_Assigned task_
Each entry that follows should be given again word for word; please leave out its pictures.

_Provided entries_

....

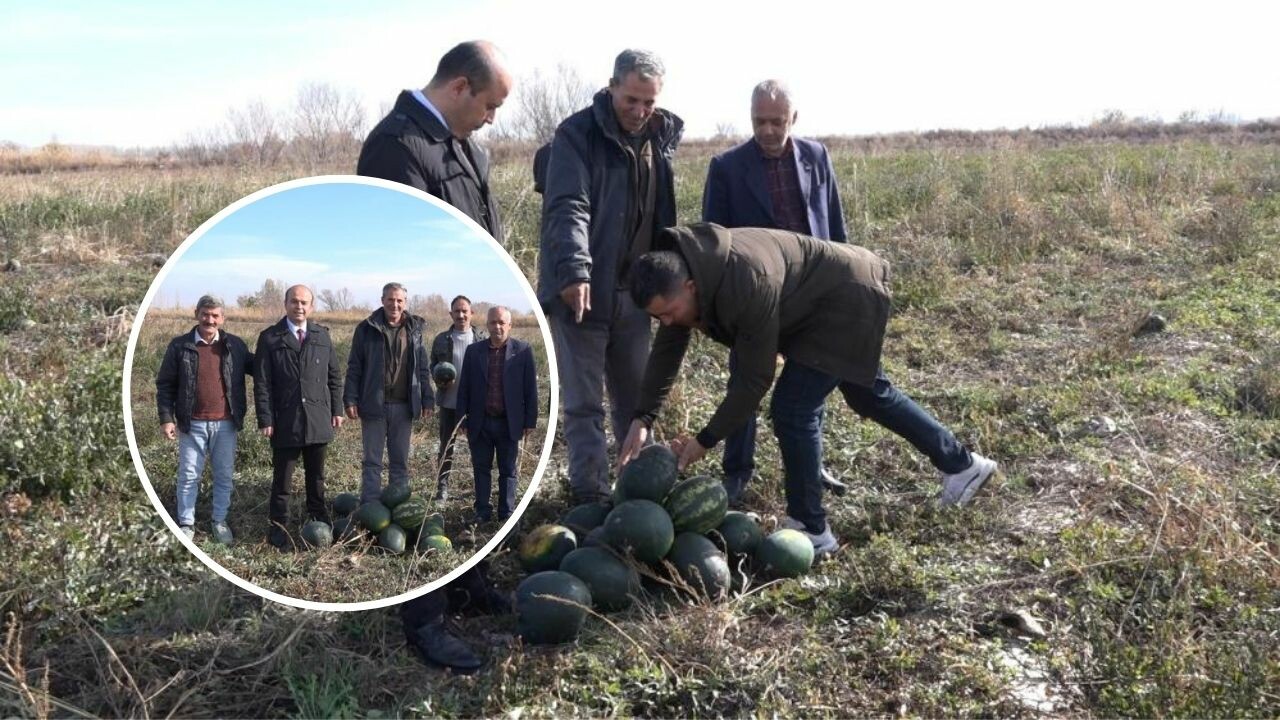 Çiftçi bayram ediyor! Kış karpuzunda hasat başladı: Canı çekenlere ve hamilelere veriliyor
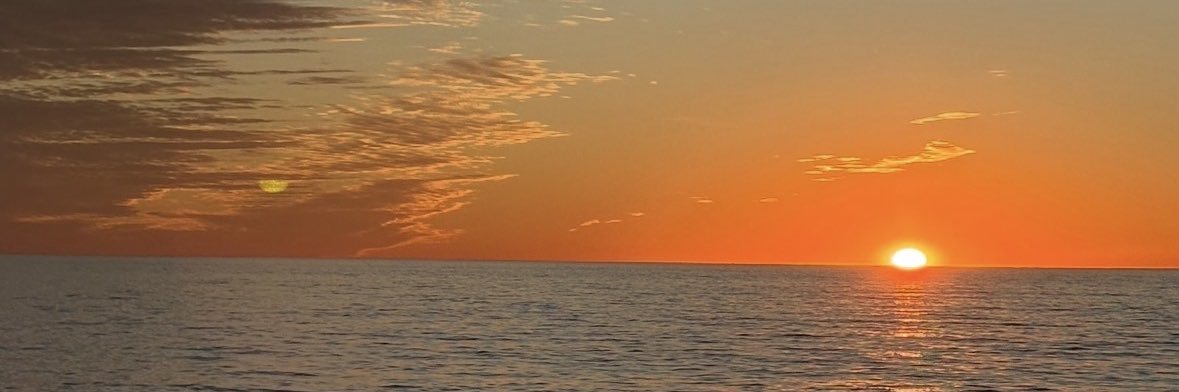 MaggioCapital's profile banner image
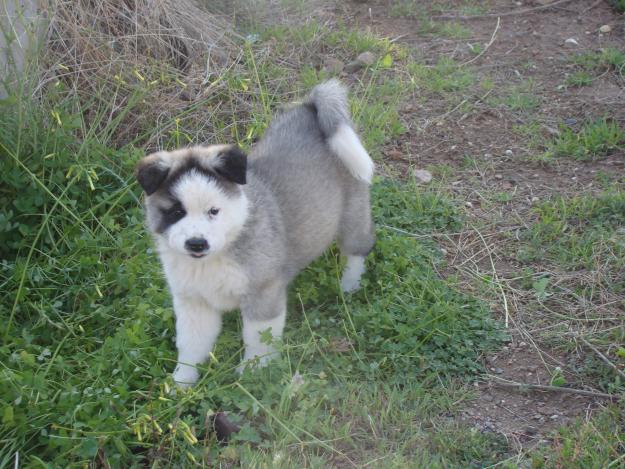 CACHORROS AKITA AMERICANO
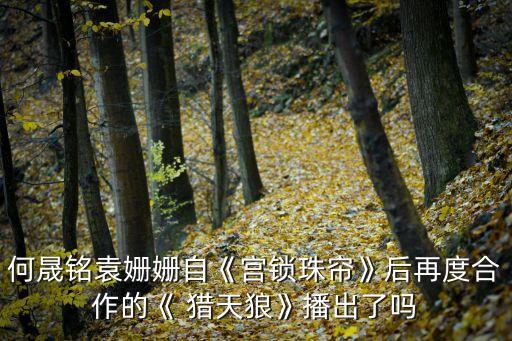 獵天狼,為什么手機(jī)看不了電視劇獵天狼?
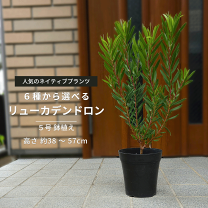 楽天市場】リューカデンドロン ハーベストの通販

....

_Reply to the exercise_
 Çiftçi bayram ediyor! Kış karpuzunda hasat başladı: Canı çekenlere ve hamilelere veriliyor
 MaggioCapital's profile banner image
 CACHORROS AKITA AMERICANO
 獵天狼,為什么手機(jī)看不了電視劇獵天狼?
 楽天市場】リューカデンドロン ハーベストの通販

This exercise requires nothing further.